* _Exercise_
Below is a listing. Quote from it, exactly, the lines from the one containing "Poster - Futuristic" down to the one containing "Sterling Silver Whale", both ends included, and nothing else.

* _The records_
------

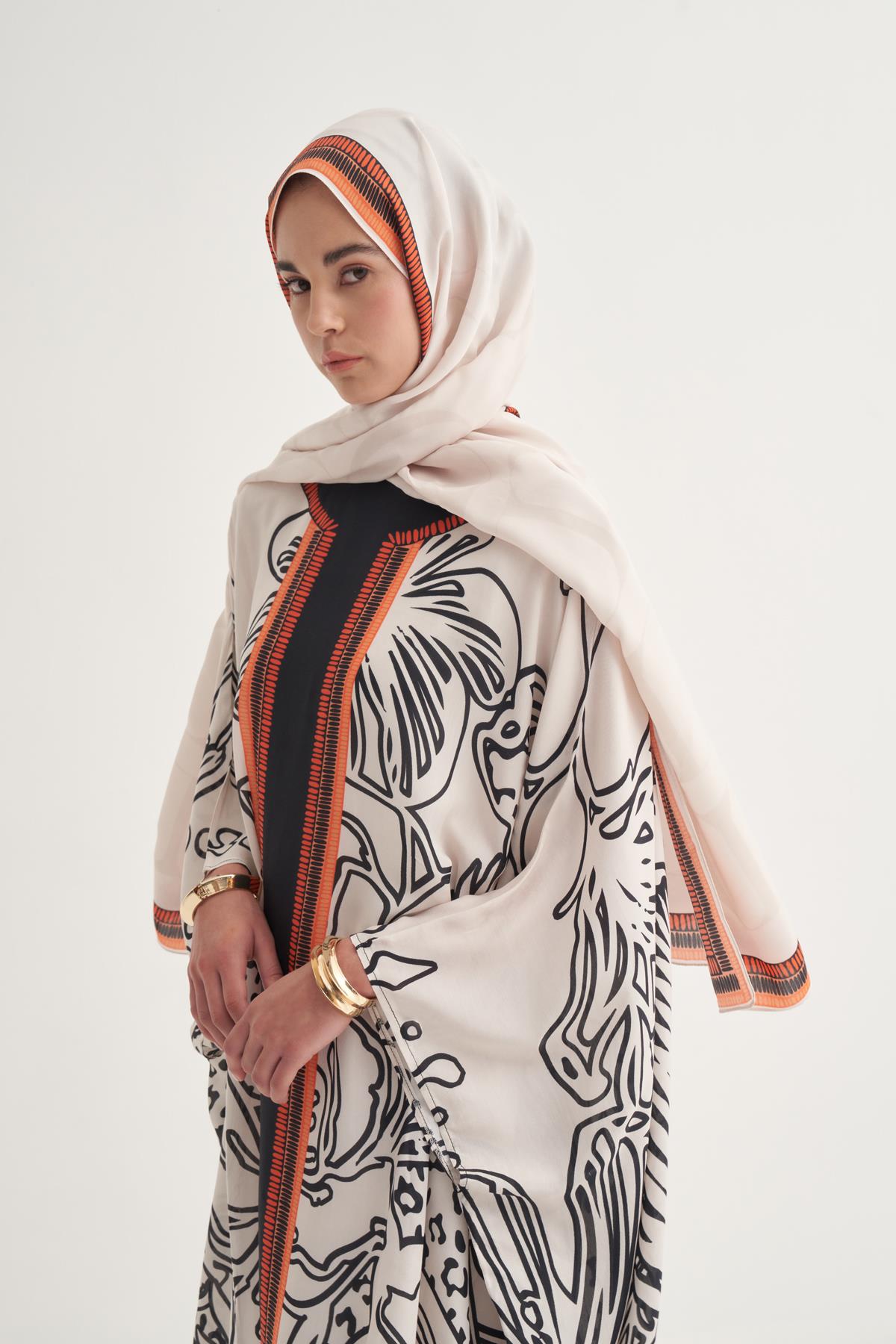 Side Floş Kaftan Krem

------

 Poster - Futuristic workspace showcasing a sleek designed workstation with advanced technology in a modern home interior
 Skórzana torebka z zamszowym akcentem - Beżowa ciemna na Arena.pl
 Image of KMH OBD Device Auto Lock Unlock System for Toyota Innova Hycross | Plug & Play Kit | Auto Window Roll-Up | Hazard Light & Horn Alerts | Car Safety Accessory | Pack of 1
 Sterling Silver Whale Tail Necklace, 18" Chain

------

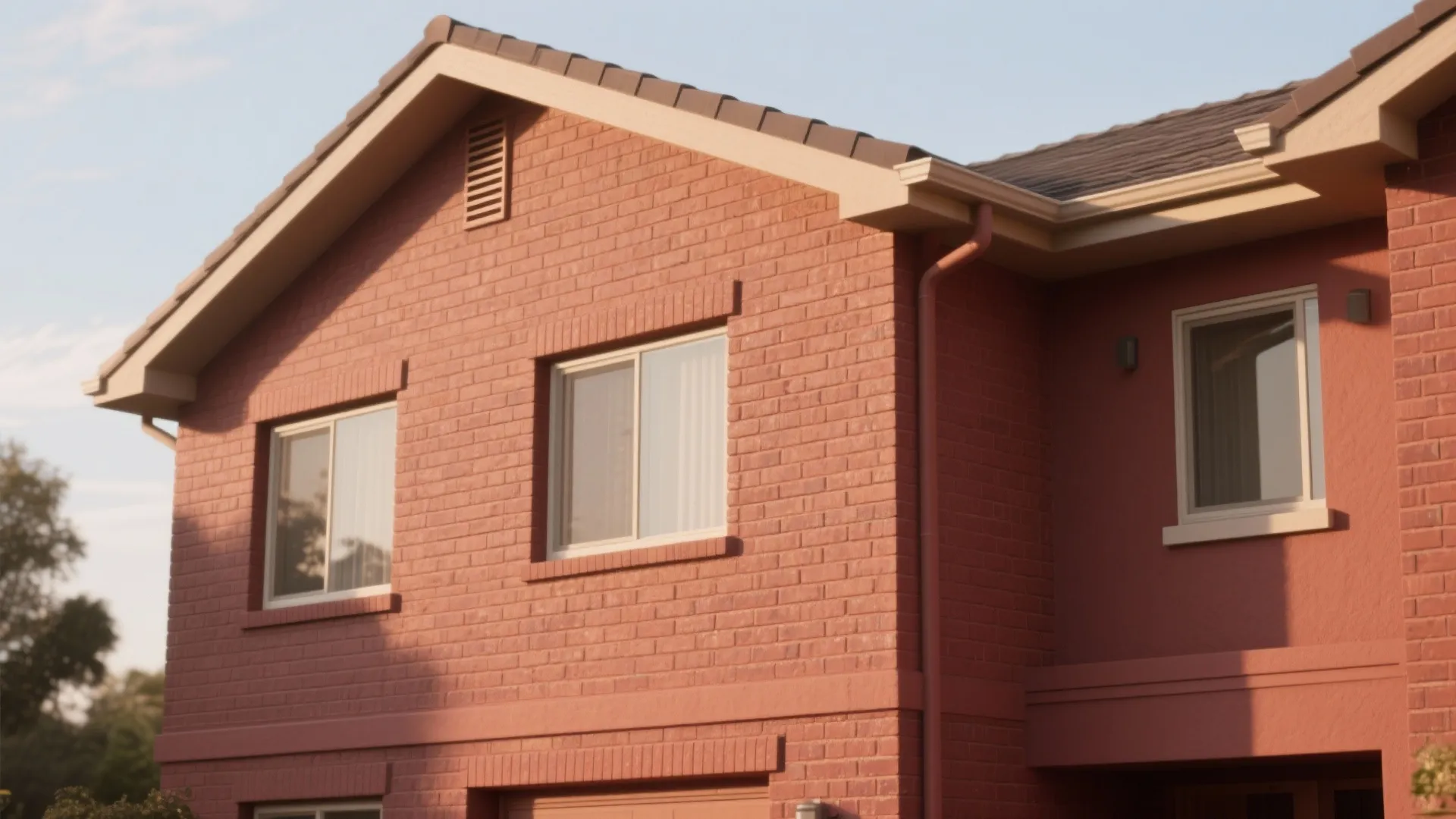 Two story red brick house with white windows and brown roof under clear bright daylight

------

* _Finished task_
 Poster - Futuristic workspace showcasing a sleek designed workstation with advanced technology in a modern home interior
 Skórzana torebka z zamszowym akcentem - Beżowa ciemna na Arena.pl
 Image of KMH OBD Device Auto Lock Unlock System for Toyota Innova Hycross | Plug & Play Kit | Auto Window Roll-Up | Hazard Light & Horn Alerts | Car Safety Accessory | Pack of 1
 Sterling Silver Whale Tail Necklace, 18" Chain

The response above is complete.